EXERCISE ->
Whenever a picture appears in the data, skip it and write out all other material exactly.

□ □ □ □

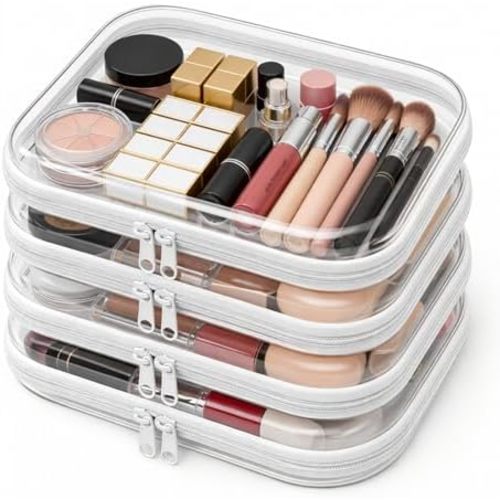 4 Pack Clear Hard Shell Zipper Case, Clear Zipper Pouches for Organizing, Diaper Bag Organizer Pouches, Transparent Hard Plastic Storage Case for Travel, Toiletry Essentials (4M)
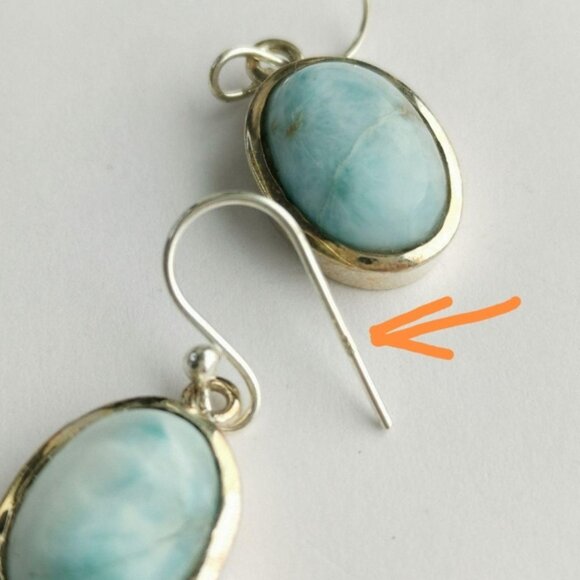 Larimar earrings in Sterling Silver 🆕 - Picture 4 of 8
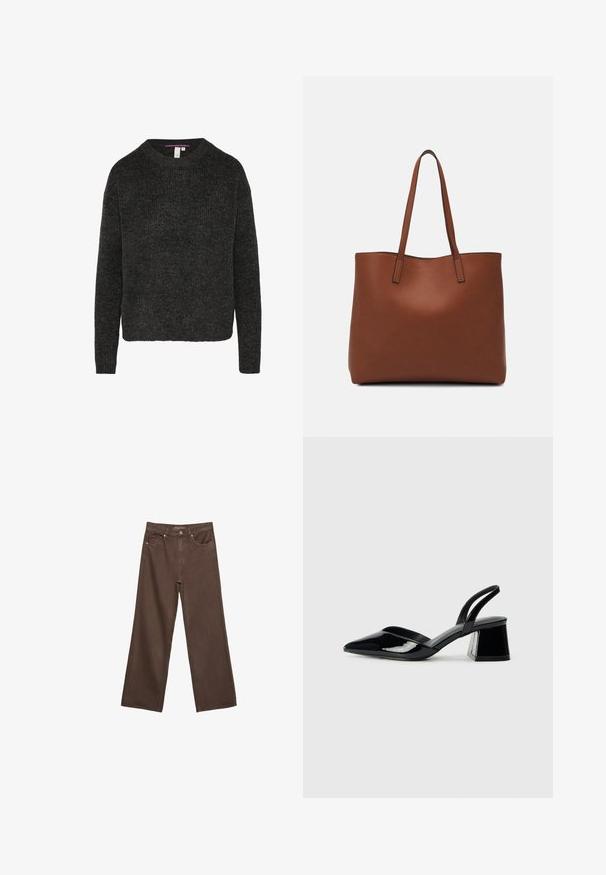 Donkergrijze gebreide trui met een ronde hals en lange mouwen. Heeft een geribbelde textuur en een rechte zoom. Casual pasvorm.; Brede bruine spijkerbroek van denim, met een hoge taille, voorzakken en een klassieke knoopsluiting. Soepele textuur met subtiele stiksels.; Zwarte gepatineerde leren slingback hakken met een spitse neus en een geometrische blokhak. Kenmerkt zich door een slank, minimalistisch ontwerp en een gladde textuur.; Bruine leren tote bag met een gladde textuur, een ontwerp met een open bovenkant en twee schouderbanden. Kenmerkt zich door minimale stiksels en geen zichtbare hardware.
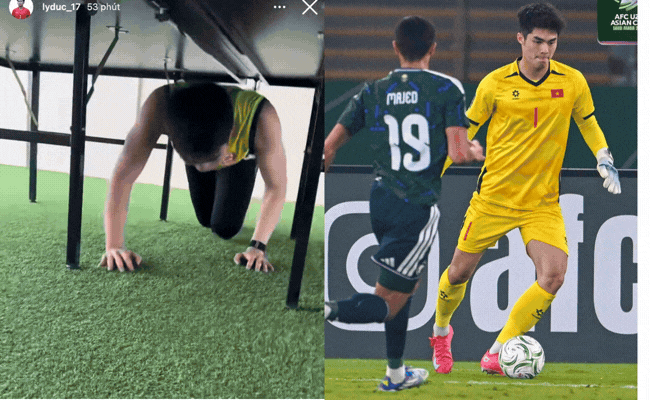 Sao thủ m&ocirc;n hotboy Trần Trung Ki&ecirc;n U23 Việt Nam phải chui gầm b&agrave;n thế n&agrave;y!- Ảnh 1.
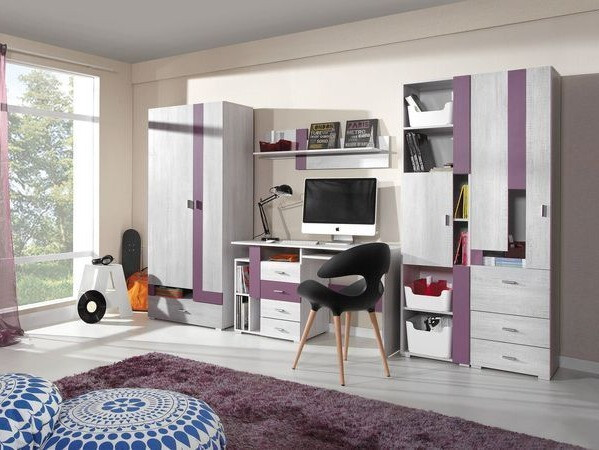 Könyvespolc Omaha D127 (Fehérített fenyő + Lila)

□ □ □ □

RESULT OF THIS TASK ->
 4 Pack Clear Hard Shell Zipper Case, Clear Zipper Pouches for Organizing, Diaper Bag Organizer Pouches, Transparent Hard Plastic Storage Case for Travel, Toiletry Essentials (4M)
 Larimar earrings in Sterling Silver 🆕 - Picture 4 of 8
 Donkergrijze gebreide trui met een ronde hals en lange mouwen. Heeft een geribbelde textuur en een rechte zoom. Casual pasvorm.; Brede bruine spijkerbroek van denim, met een hoge taille, voorzakken en een klassieke knoopsluiting. Soepele textuur met subtiele stiksels.; Zwarte gepatineerde leren slingback hakken met een spitse neus en een geometrische blokhak. Kenmerkt zich door een slank, minimalistisch ontwerp en een gladde textuur.; Bruine leren tote bag met een gladde textuur, een ontwerp met een open bovenkant en twee schouderbanden. Kenmerkt zich door minimale stiksels en geen zichtbare hardware.
 Sao thủ m&ocirc;n hotboy Trần Trung Ki&ecirc;n U23 Việt Nam phải chui gầm b&agrave;n thế n&agrave;y!- Ảnh 1.
 Könyvespolc Omaha D127 (Fehérített fenyő + Lila)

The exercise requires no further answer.